Windows driver troubleshooter

Driver Verifier is a tool included in Microsoft Windows that replaces the default operating system subroutines with ones that are specifically developed to catch device driver bugs. Once enabled, it monitors and stresses drivers to detect illegal function calls or actions that may be causing system corruption. It acts within the kernel mode and can target specific device drivers for continual checking or make driver verifier functionality multithreaded, so that several device drivers can be stressed at the same time. It can simulate certain conditions such as low memory, I/O verification, pool tracking, IRQL checking, deadlock detection, DMA checks, IRP logging, etc. The verifier works by forcing drivers to work with minimal resources, making potential errors that might happen only rarely in a working system manifest immediately. Typically fatal system errors are generated by the stressed drivers in the test environment, producing core dumps that can be analysed and debugged immediately; without stressing, intermittent faults would occur in the field, without proper troubleshooting facilities or personnel.

Driver Verifier (Verifier.exe) was introduced as a command-line utility in Windows 2000; in Windows XP, it gained an easy-to-use graphical user interface, called Driver Verifier Manager, that makes it possible to enable a standard or custom set of settings to select which drivers to test and verify. Each new Windows version has since introduced several new, more stringent checks for testing and verifying drivers and detecting new classes of driver defects.

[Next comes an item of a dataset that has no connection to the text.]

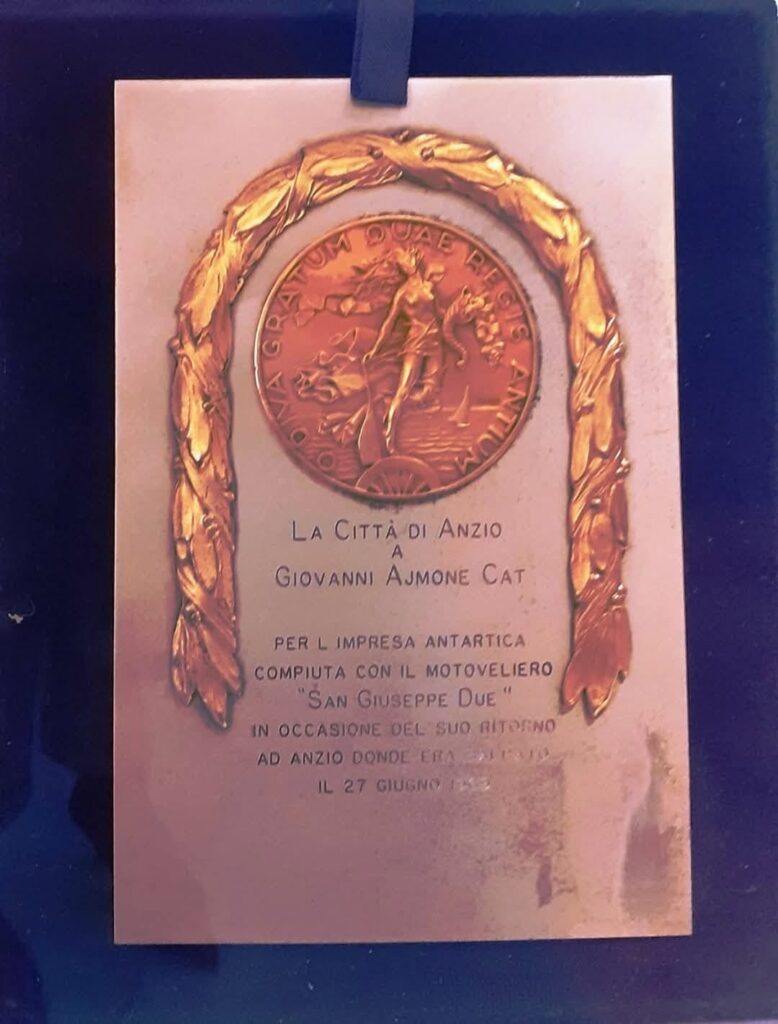57 anni fa dal porto di Anzio salpava il "San Giuseppe Due", al timone il Comandante Giovanni Ajmone-Cat, destinazione Antartide 2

Driver Verifier is not normally used on machines used in productive work. It can cause undetected and relatively harmless errors in drivers to manifest, especially ones not digitally signed by Windows Hardware Quality Labs, causing blue screen fatal system errors. It also causes resource-starved drivers to underperform and slow general operation if the constraints imposed by Verifier are not reversed after debugging. Microsoft recommends against verifying all drivers at the same time.